Key Information Set data:
7% Scheduled Learning and Teaching Activity
93% Guided Indepependent Study
Module Resources
OHP, Video/DVD, Library, Internet.
The Blackboard virtual learning environment will be available (where relevant) to support this module. Details will be supplied in the module handbook.
Module Additional Assessment Details
Class Presentation and accompanying critical analysis of 1500 words (25%) [Learning Outcomes 1, 3, 5]
Coursework (Essay of 3000 words) (75%) [Learning Outcomes 1, 2, 3, 4]
The text discussed in the presentation may not be written about in the essay.
Key Information Set data:
25% Practical Exam
75% Coursework
Module Texts
Kenneth Millard, Contemporary American Fiction: An Introduction to American Fiction Since 1970 (Oxford UP, 2000)
Mark Currie, Postmodern Narrative Theory (Macmillan, 1998)
Frank Lentricchia, ed. New Essays on Don DeLillo's "White Noise" (Cambridge UP, 1991)
Tim Engles, "'Who Are You, Literally?' Fantasies of the White Self in White Noise," Modern Fiction Studies 45.3 (1999): 755-87.

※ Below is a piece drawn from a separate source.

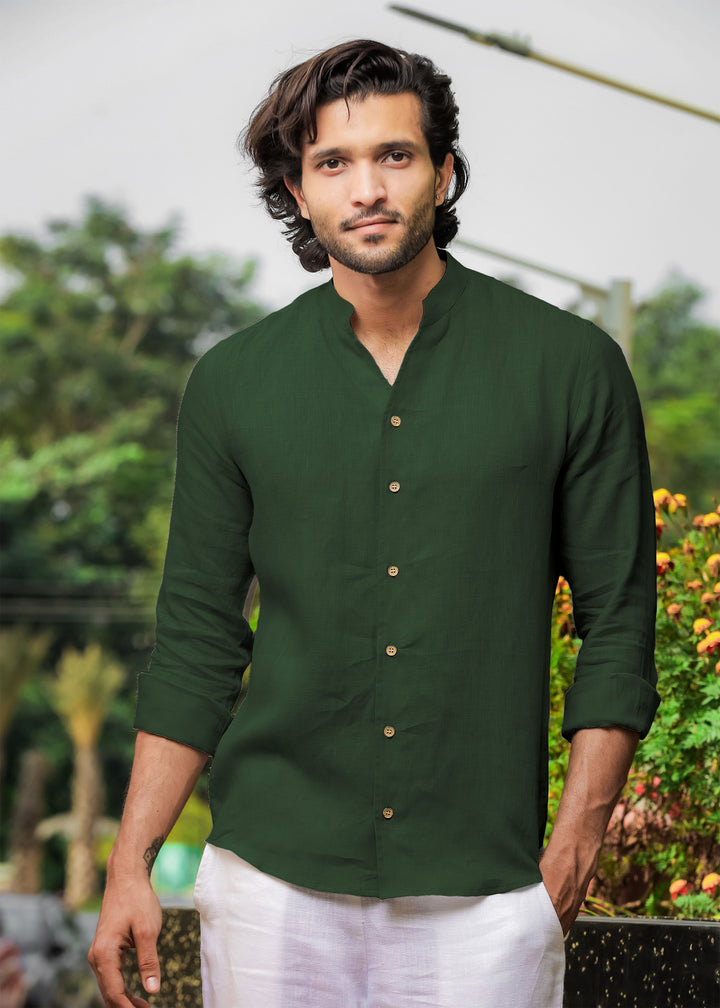 Man wearing a 100% pure linen dark fern green shirt with a blurred natural background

James Phelan, "Sethe's Choice: Beloved and the Ethics of Reading," Style 32.2 (1998): 318-33.
Module Indicative Content
This module examines some key texts and issues in American writing and culture since the 1960s. It explores the way in which literary texts respond to Counter-cultural protest against 1950s conformity, how writers begin to develop the features of what we now recognise as postmodernism, how writers critique the consumer culture and commodity fetishism of late captitalism, and how African-American women writers bring the issues of multiculturalism and sexuality into the canon of American literature. It also looks at how a literary-historical period is constructed through a canon of 'classic' American texts by paying attention to the critical and popular reception of the novels published on the module.